The owners also raised Cedar LNG's expected capacity. The project was originally described as a 3-million ton-per year facility, but the increase to 3.3 million tpy "reflects engineering optimization and a capital efficient option to enhance the project’s economics,” Pembina said in a statement. The facility "will provide a valuable outlet for western Canadian natural gas to access global markets." The company previously targeted Asian markets.
According to the oil firm, the floating facility's development "in the controlled conditions of a shipyard" also would provide "lower construction and execution risk."
The owners in January deferred a previously announced final investment decision and design and construction start by the second quarter over delays in negotiations for natural gas supply, resolution of third-party agreements and project financing, they said.
The owner this month signed a 20-year agreement with Alberta gas drilling firm Arc Industries to supply about 200 million cu ft of natural gas per day once the plant operates in the second half of 2028. "Today is the day we have been working toward in achieving our off-take agreement with ARC," said Crystal Smith, Haisla Nation Chief Councillor, pointing to the supplier's "commitments and values to responsible development."
Cedar LNG “will be the first floating hydroelectric, turbo-driven system globally, and air cooled using a single mixed-refrigerant cryogenic process.” Laszlo von Lazar, Black & Veatch's president of energy and process industries, told ENR. Air cooling will eliminate any water usage required to cool the liquefaction system, he said.
The firm’s PRICO technology also reduces refrigerant inventory and boosts efficiency by up to 2.5%, he said.
The LNG plant itself will be on the deck of the vessel, with electricity supplied at Kitimat by an onshore power network that Cedar LNG and utility B.C. Hydro are developing, said Brady Hays, Black & Veatch's senior vice president of energy resource and process industries.
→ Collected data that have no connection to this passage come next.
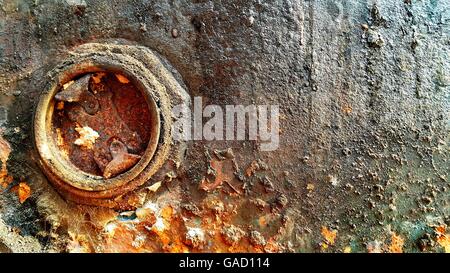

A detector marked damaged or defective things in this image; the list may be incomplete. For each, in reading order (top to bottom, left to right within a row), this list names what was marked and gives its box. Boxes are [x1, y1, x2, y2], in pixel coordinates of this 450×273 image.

orange rust stain [386, 232, 404, 253]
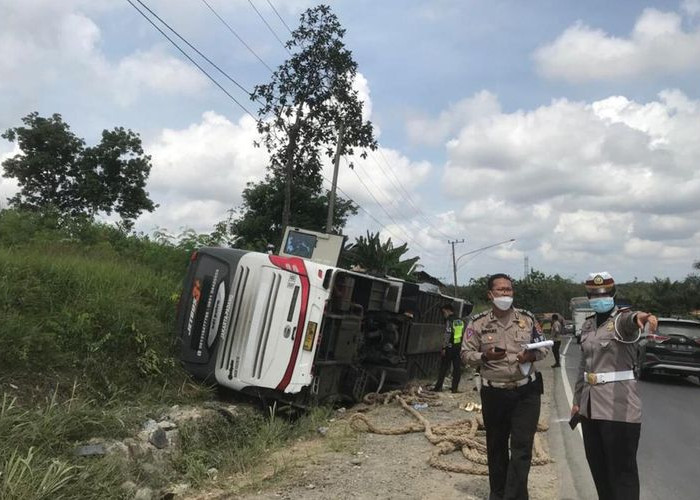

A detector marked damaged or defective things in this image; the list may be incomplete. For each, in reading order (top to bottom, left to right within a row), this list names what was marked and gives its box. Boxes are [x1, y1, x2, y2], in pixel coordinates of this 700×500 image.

overturned bus [175, 246, 470, 406]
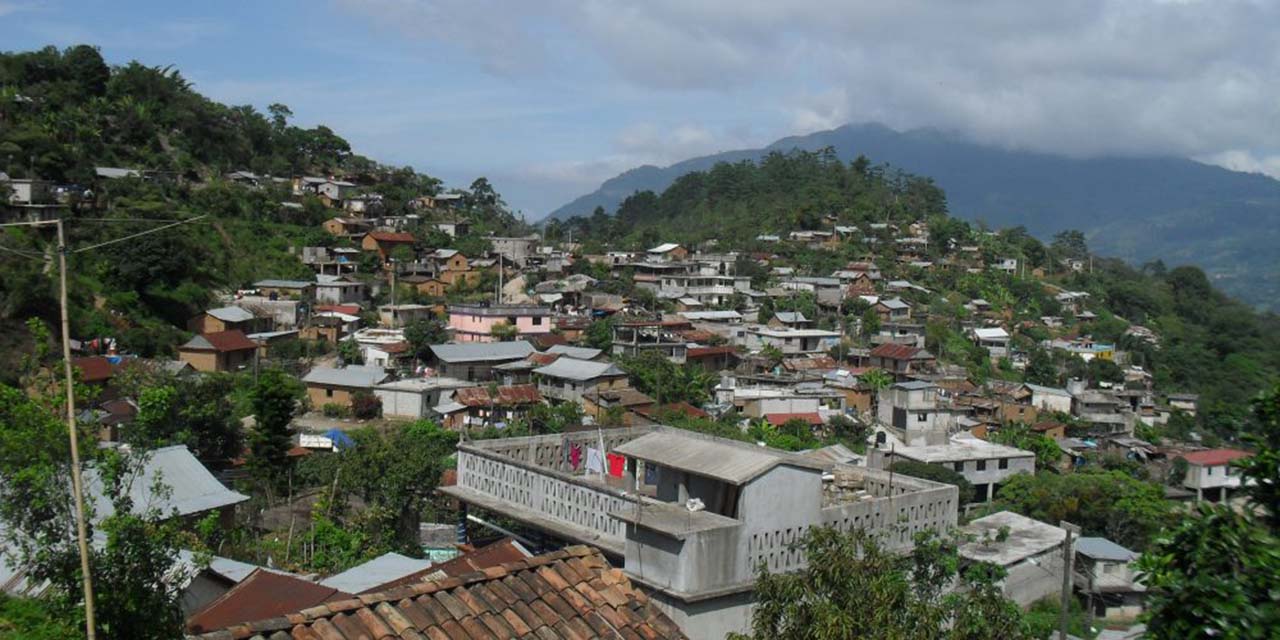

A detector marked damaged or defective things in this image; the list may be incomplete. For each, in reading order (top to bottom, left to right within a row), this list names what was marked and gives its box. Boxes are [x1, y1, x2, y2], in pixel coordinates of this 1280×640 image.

rusty metal roof [193, 545, 686, 640]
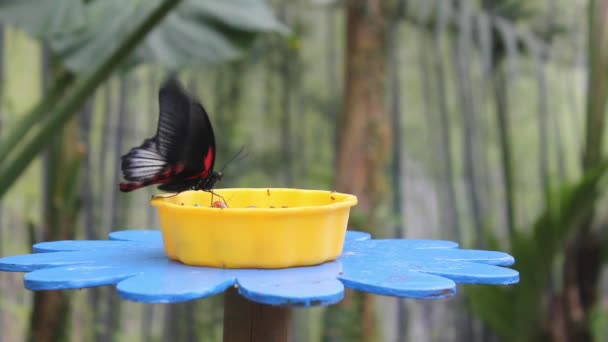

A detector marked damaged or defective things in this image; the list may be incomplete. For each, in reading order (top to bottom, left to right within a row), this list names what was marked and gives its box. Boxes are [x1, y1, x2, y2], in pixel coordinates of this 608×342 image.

chipped blue paint [0, 230, 516, 304]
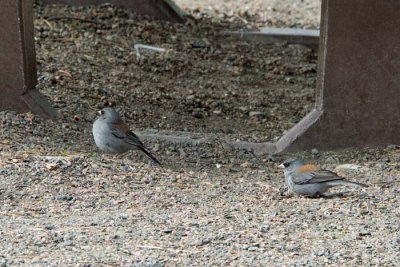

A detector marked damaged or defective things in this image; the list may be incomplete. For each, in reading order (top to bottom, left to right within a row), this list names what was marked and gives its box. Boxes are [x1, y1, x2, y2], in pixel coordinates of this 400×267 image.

rusty metal bracket [0, 0, 57, 119]
rusty metal bracket [39, 0, 185, 22]
rusty metal bracket [276, 0, 400, 152]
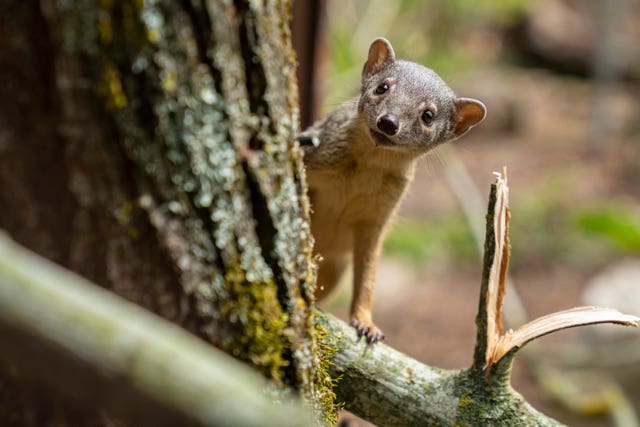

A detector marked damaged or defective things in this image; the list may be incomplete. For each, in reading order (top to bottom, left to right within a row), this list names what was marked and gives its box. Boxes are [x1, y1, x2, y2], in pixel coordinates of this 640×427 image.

splintered wood [478, 167, 636, 372]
The firm will have about 350 staff supporting the project, with detailed engineering and procurement expected to continue through late 2025.
“Right now we’re designing the fabricated steel that will hold the modules, and writing the specs for sizing and procurement,” von Lazar explained. Black & Veatch and Samsung will acquire the steel and install the equipment as modules are built in sequence at Samsung’s yard, he said.
Cedar LNG has obtained all major regulatory approvals and is negotiating an agreement to connect the facility to Coastal GasLink, the TC Energy-owned pipeline completed last year to transport gas for the nearby but independent LNG Canada export terminal, led by Shell. The first 14-million-tpy phase of that onshore facility is being built under an EPC contract to JGC Corp. and Fluor Corp. Construction is nearly complete, with the estimated $14-billion project on track to ship its first LNG next year.
With the January pause in U.S. government authorization of new LNG exports to countries without a U.S. free trade agreement, Canada export facilities may benefit globally due to its free trade agreement with the U.S. and Mexico, said a March report by the Institution for Energy Economics and Financial Analysis.
But the report cautioned that Canadian projects face an uncertain future from shrinking global demand for LNG and potential oversupply. LNG will maintain its importance “when renewables aren’t producing power,” von Lazar said. “LNG is interlinked with what’s going on with renewables throughout the world and facilitates the progress of decarbonization.”
LNG opposition also is rising in Canada, with 88 advocacy groups recently asking British Columbia Premier David Eby, by letter, to halt expanded gas production, including five export terminals underway or planned in the province, the Vancouver Sun recently reported. They cite "megatonnes of greenhouse gas emissions every year" and insufficient BC Hydro transmission capacity to support expanded electrification of the terminals.